> _Entries shown_

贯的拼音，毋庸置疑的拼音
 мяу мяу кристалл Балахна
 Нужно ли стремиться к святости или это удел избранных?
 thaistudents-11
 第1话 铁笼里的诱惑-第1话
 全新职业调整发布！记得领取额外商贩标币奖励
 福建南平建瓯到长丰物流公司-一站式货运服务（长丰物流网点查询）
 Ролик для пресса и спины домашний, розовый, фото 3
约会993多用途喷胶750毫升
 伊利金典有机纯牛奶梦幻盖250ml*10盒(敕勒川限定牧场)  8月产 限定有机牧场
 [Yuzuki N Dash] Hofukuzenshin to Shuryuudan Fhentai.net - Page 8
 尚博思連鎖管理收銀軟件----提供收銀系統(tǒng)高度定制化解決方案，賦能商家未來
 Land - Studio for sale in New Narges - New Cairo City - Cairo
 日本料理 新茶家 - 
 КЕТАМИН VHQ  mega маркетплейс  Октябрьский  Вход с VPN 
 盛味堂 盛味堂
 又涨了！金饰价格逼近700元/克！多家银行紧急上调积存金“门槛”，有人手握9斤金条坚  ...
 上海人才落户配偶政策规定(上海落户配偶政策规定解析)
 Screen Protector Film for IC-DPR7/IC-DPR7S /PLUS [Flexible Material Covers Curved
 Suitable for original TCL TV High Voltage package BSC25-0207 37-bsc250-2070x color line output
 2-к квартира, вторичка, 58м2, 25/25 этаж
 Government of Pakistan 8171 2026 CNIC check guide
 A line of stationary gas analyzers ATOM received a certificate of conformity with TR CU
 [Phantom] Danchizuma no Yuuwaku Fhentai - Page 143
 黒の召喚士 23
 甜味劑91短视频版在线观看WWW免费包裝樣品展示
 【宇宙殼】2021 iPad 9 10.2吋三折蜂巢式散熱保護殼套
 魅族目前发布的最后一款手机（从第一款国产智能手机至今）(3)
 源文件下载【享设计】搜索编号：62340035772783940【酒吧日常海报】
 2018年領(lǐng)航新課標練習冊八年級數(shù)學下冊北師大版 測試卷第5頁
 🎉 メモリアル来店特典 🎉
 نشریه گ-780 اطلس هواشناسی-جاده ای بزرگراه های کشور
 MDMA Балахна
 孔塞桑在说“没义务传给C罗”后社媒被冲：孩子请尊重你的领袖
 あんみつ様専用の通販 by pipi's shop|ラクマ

> _Task prompt_
In the records above, count the lines that contain the word "Fhentai" and state only that count.

> _Output for this exercise_
2